Willia Chaney was raised in the South and takes voting very seriously.

"My grandfather couldn't vote, and that was one of the things he always wanted to do," she said Wednesday, her eyes growing damp. "People died just so we could register to vote."

That's why Chaney -- Louisiana native, member of the Nevada Department of Education, community activist and longtime North Las Vegas resident -- took it personally a few weeks ago when she received a subpoena to provide testimony in the city's on­going election-turned-court drama because of the large number of voters who share her five-bedroom home.

You remember, that City Council election that was supposed to end after the last vote was tallied on election night more than three months ago.

The election that in­cumbent Councilman Richard Cherchio lost by a single vote, then challenged in court after it was discovered that an official allowed a voter to cast a ballot in the wrong ward.
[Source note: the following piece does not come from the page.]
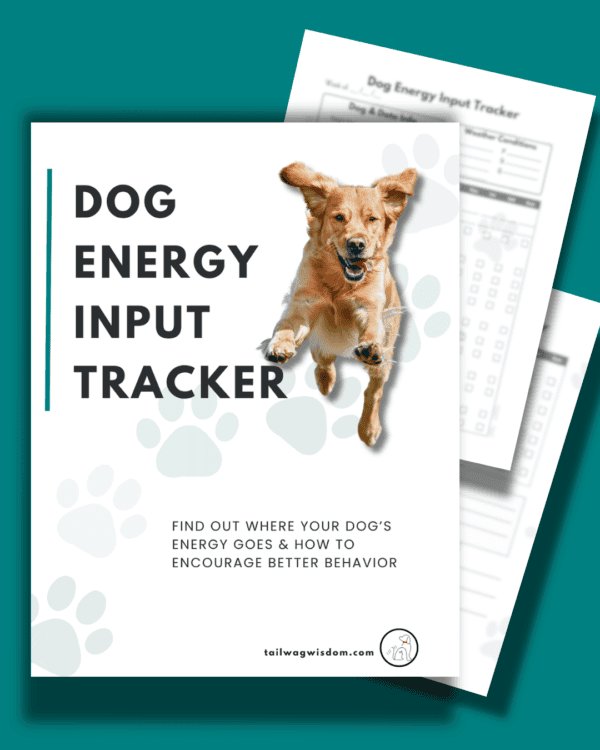 Dog Energy Input Tracker - Image 3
The election that, because of its razor-thin margin, has attorneys for both candidates scouring voter records for any irregularities they can use in court and shining a spotlight on votes cast by the mayor's son and a union stagehand who admitted he voted in North Las Vegas but doesn't live there.
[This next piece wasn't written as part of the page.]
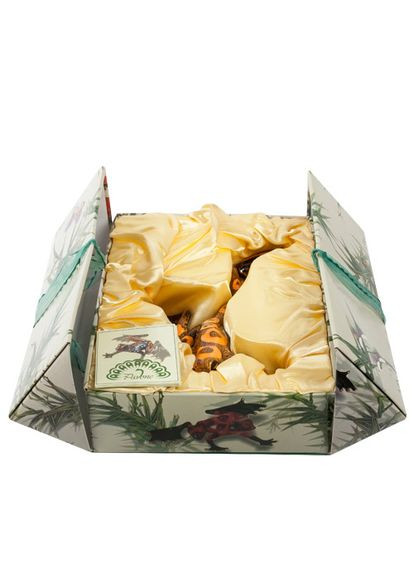 Статуетка порцелянова Жаба 18,5 см 1102681 Pavone (369155280)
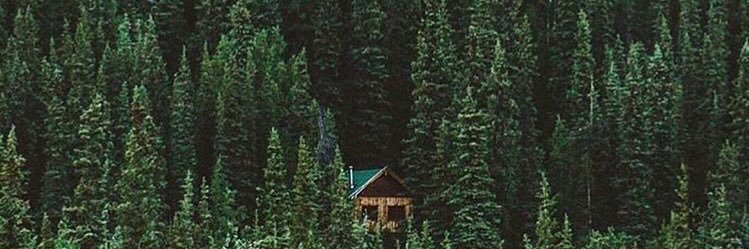 jubjordan's profile banner image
Yes, that election is still going on -- at least in court.

Now attorneys for dentist Wade Wagner -- who won the election and was sworn into the Ward 4 seat in July despite the legal challenge -- want to talk to Chaney about the seven voters at her home who cast ballots in the contested race. They subpoenaed Chaney late last month.

"It didn't seem likely to us that they were all living at the residence," said Todd Bice, an attorney for Wagner. "We're not saying she did anything wrong. We're just trying to get our arms around who all these people are and do they really live there."
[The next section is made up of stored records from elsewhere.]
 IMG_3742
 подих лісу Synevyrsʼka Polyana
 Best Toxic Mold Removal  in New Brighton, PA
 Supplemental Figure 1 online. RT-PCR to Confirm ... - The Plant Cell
Chaney sees it differently. She looks at the subpoena as a way to target and disenfranchise African-American voters.

"It's just another tactic to dis­enfranchise minority voters," she said. "It always has to be something."

Chaney wouldn't say whether she supported Cherchio, a Democrat, in the election. But she did post a "Cherchio" sign in her front yard. She also served as president of the North Las Vegas Democratic Club and has in the past worked to register new voters.

"I'm just disturbed that they would come to me as an activist and a person who has registered many, many young people to vote," she said. "It's difficult as it is to get young people to vote."

Bice said the issue has been overblown, and the "insinuation that we're harassing these people is nonsense."

There could very well be a logical explanation for the large number of voters in Chaney's home, he said.

"But we need to know what it is."

Chaney filed a request for a temporary restraining order that would prohibit Wagner's attorneys from deposing her. In the affidavit in support of her request, she said that "this is an awful way to run an election, deposing innocent voters."

A District Court judge will consider the matter Monday.

Chaney said the seven voters in question include her, her husband and several of their 14 grandchildren, all of whom voted legally.

Her attorney, Matthew Callister, said the Chaneys are a large, tight-knit family.

"Like many people, she has relatives moving in with her because of hard times," he said. "There are better ways to resolve the election issue than going on endless witch hunts."

Wagner himself faced similar questions in July about 10 adults registered to vote at his five-bedroom North Las Vegas home. He and his wife have eight children.

As with Chaney, no evidence has been presented that anyone voted improperly in the Wagner home.

Attorneys for Cherchio also plan to depose Mayor Shari Buck's son, Jordan, who voted via absentee ballot in the election while registered to vote in both Utah and Nevada.

The younger Buck attends college in Provo but has never voted there. The mayor said her son wasn't aware that he was registered in Provo.

He has since canceled his Utah registration.

The mayor endorsed Wagner in the race.

Cherchio's attorneys already took testimony from Greg Mich'l, a union stagehand who voted in the race but admitted in July he doesn't live in North Las Vegas.

During his Aug. 24 deposition, Mich'l said though he now lives in a home he owns on Villa Pintura Avenue in Las Vegas, at the time he registered to vote in April he was living at his brother's North Las Vegas home, which is near Wagner's.

Mich'l was staying there because he was getting ready to rent out the house on Villa Pintura, he said.

Then he went out of town on tour for work and cast an absentee ballot in the race.

Mich'l also testified it was Wagner himself who registered him to vote.

"I filled it (the voter registration form) out and gave it back to Councilman Wagner," he said.

Mich'l was sure it was Wagner because Wagner has been his dentist "for as long as I can remember."

"And also I went to church with him," Mich'l said.

Mich'l refused to reveal who he voted for in the election during the deposition. And he said he didn't remember telling the Review-Journal in July that he had voted for Wagner.

Cherchio's attorneys have filed a motion with the court to compel Mich'l to reveal for whom he voted. That motion also is scheduled to be considered by a judge on Monday.

Meanwhile, Wagner has since July 18 been performing his role as the cash-strapped city's newest councilman, voting on important matters including budget cuts and concessions agreements with police unions.

It's hard to say how this whole complicated mess will turn out. But one thing's for sure: The strangest election in local memory just keeps going and getting stranger.